* **Exercise aim**
The expected response consists solely of the lines from the line with "Laden Sie das" through the last line of the material below, copied exactly.

* **Information supplied**
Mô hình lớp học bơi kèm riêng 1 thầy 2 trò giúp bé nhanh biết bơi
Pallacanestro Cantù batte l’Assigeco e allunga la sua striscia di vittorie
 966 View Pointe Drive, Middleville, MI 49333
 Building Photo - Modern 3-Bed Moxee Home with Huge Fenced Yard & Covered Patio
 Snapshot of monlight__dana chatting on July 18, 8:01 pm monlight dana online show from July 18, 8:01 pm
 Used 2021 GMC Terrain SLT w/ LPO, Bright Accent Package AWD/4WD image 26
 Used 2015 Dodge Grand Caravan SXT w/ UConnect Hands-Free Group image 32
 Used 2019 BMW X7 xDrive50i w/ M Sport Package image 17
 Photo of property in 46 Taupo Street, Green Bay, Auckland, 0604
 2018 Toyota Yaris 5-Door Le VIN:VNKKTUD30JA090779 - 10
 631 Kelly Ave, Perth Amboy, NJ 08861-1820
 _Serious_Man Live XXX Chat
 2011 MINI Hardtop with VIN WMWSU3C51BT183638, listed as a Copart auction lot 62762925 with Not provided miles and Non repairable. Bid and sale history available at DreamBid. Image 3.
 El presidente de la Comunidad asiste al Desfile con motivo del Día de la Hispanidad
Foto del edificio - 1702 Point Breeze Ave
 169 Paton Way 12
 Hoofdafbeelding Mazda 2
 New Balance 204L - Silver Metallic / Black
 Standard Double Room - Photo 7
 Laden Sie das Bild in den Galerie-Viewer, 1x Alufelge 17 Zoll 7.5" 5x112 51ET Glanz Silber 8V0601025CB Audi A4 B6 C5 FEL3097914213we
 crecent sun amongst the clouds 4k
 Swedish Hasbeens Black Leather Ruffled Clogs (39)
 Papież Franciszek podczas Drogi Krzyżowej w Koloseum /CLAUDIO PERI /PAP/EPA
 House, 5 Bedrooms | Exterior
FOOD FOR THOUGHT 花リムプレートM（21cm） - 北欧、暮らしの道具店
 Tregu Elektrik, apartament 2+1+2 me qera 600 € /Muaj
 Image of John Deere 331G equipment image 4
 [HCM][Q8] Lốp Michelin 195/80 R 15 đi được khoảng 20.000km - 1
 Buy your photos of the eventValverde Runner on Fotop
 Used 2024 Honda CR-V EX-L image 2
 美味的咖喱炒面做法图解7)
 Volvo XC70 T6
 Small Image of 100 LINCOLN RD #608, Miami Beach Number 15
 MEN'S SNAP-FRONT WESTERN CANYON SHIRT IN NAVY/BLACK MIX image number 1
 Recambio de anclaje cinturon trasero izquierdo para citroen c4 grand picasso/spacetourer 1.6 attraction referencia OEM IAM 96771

* **Task result**
 Laden Sie das Bild in den Galerie-Viewer, 1x Alufelge 17 Zoll 7.5" 5x112 51ET Glanz Silber 8V0601025CB Audi A4 B6 C5 FEL3097914213we
 crecent sun amongst the clouds 4k
 Swedish Hasbeens Black Leather Ruffled Clogs (39)
 Papież Franciszek podczas Drogi Krzyżowej w Koloseum /CLAUDIO PERI /PAP/EPA
 House, 5 Bedrooms | Exterior
FOOD FOR THOUGHT 花リムプレートM（21cm） - 北欧、暮らしの道具店
 Tregu Elektrik, apartament 2+1+2 me qera 600 € /Muaj
 Image of John Deere 331G equipment image 4
 [HCM][Q8] Lốp Michelin 195/80 R 15 đi được khoảng 20.000km - 1
 Buy your photos of the eventValverde Runner on Fotop
 Used 2024 Honda CR-V EX-L image 2
 美味的咖喱炒面做法图解7)
 Volvo XC70 T6
 Small Image of 100 LINCOLN RD #608, Miami Beach Number 15
 MEN'S SNAP-FRONT WESTERN CANYON SHIRT IN NAVY/BLACK MIX image number 1
 Recambio de anclaje cinturon trasero izquierdo para citroen c4 grand picasso/spacetourer 1.6 attraction referencia OEM IAM 96771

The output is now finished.